Maybe if I get home now I can sleep for three hours and make it to work. That’s what I will do. I am going to go home. I can look for another job while I have this one, and that makes more sense. My pocket full of danger is empty tonight, and I’m in need of sleep. I am 40 minutes from home now. I don’t know where I am, but I will take this road this way and see where the next light says I am. Wow I am here. I will get home in a little bit then I will hit the bed.
I tear off my clothes and jump into bed. The first itch hits my leg. There is an itch on my arm. I hear buzzing in my ear, buzzing on my bed. I see a bug on my arm. It runs to the other side of my arm, and I turn my arm to catch it, but I can’t find it now. They crawl up my leg and tickle my knees. I run to the bathroom and look at my back in the mirror because I feel them all over. There is buzzing in my ear, and I flinch. I jump in the shower because that will wash off what I can’t see. I dry off, and it starts again. I tiptoe my way into bed.

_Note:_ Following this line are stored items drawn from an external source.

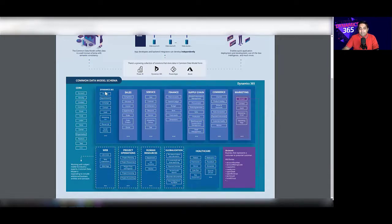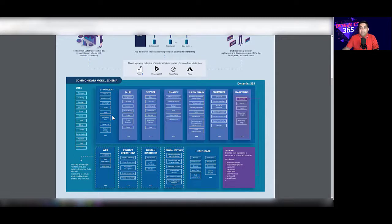There are certain entities which are very specific to the Dynamics 365 platform, like accounts, appointments, campaigns, and so on. And then there are certain entities which are specific to the modules within Dynamics 365, like the entities related to sales and service.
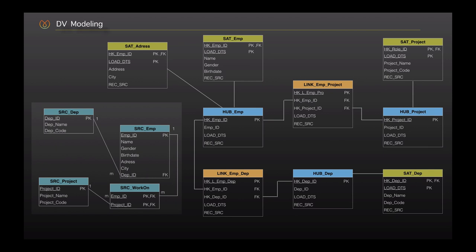Now we have designed our first Data Vault model from scratch and covered the first modeling steps we have learned so far. We will discuss further steps in the upcoming practices. Thank you for your time.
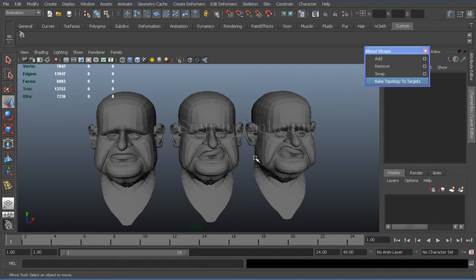Hello, welcome to StereoPixroll. In this video, we will discuss how to bake topology to targets.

My mouth is dry and I try to take a sip of water. It feels like my teeth will shatter when I try to swallow. My teeth feel so brittle. I feel like my tongue is going to push them out of their roots. I will wake up with no teeth. What will I tell my family when they see me with no front teeth? I need to sleep. I roll over. I roll over. I roll over. I roll over. I take a sip of water. I itch. I roll over, over, over, itch, swallow, itch, over. I’m hot now. I will turn the air conditioning lower. I tiptoe back to bed. I look at my watch, and I see that I have to get up in forty minutes. I will set my alarm for thirty minutes, and that will give me time to get ready or hit the snooze button once.
I wake up seven hours later. I missed work. I am fired. I have missed calls from my parents. What will I say? I remember my texts. How will I explain them? I am broke. Where will I get more money now? I melt down, break down. When this happens I like to just pull the covers over my head and go back to sleep. There is a knock at the door. Family came to check on me. Oh boy I feel like sh*% and don’t want to deal with them.
I’m glad they dealt with me though.
Trips through insanity happen over and over, if we don’t recognize them. I’m happy where I am today. I drive my car during the day to specific places. I have a pocket full of hope. I still put my windows down at red lights.